## Data provided
◇ ◇ ◇

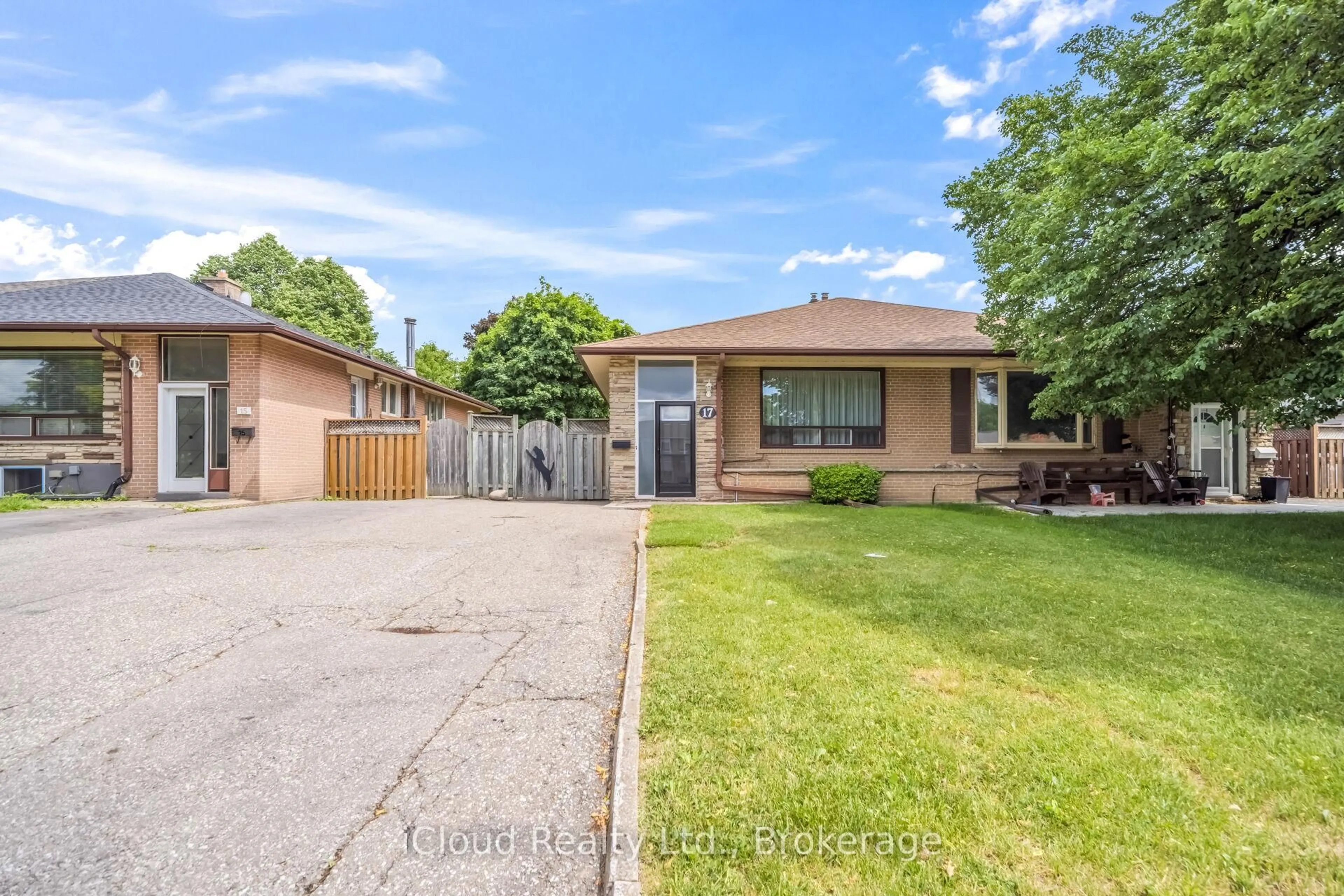A pic from outside/outdoor area/front of a property/back of a property/a pic from drone, street for 17 Algonquin Blvd, Brampton Ontario L6T 1R7
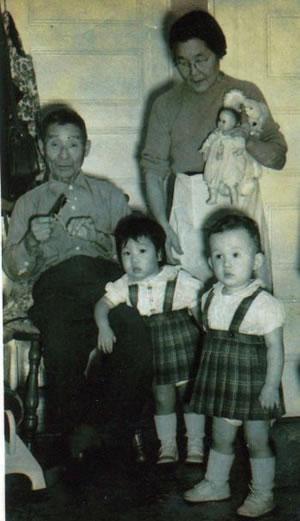 Хан Шиу (вдясно) на 2 години с възрастната двойка, която я отглежда, и тяхната внучка.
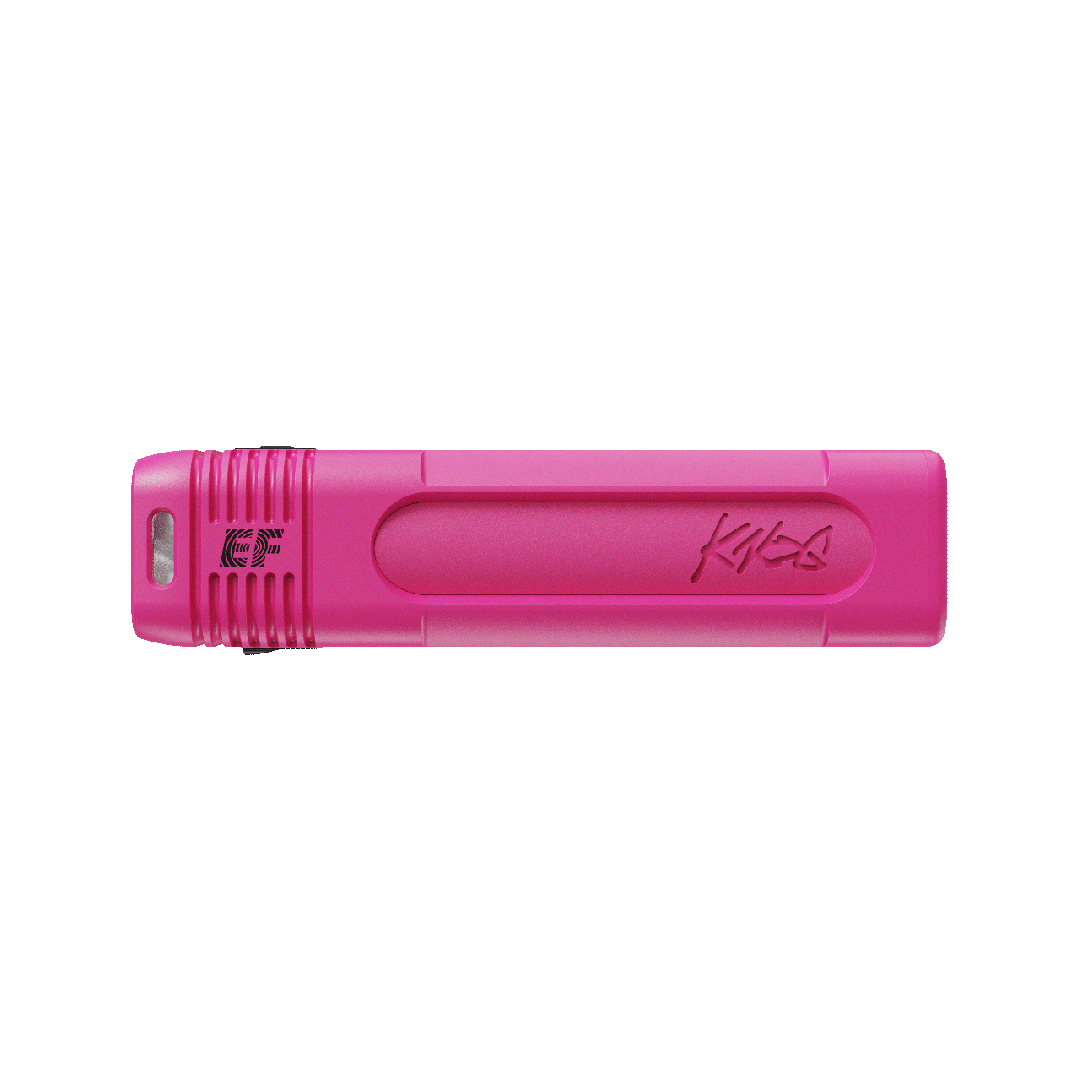 knog_x_EF_blinder_900_13424_render_gif_1080x1080_cc8977f6-2e26-4b23-8f2d-a610cfd7f601_1340x.gif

◇ ◇ ◇

## Required action
Omit the pictures. Transcribe word for word the lines from the one containing "Хан Шиу (вдясно)" through the end of the listing, inclusive.

## Output of the task
 Хан Шиу (вдясно) на 2 години с възрастната двойка, която я отглежда, и тяхната внучка.
 knog_x_EF_blinder_900_13424_render_gif_1080x1080_cc8977f6-2e26-4b23-8f2d-a610cfd7f601_1340x.gif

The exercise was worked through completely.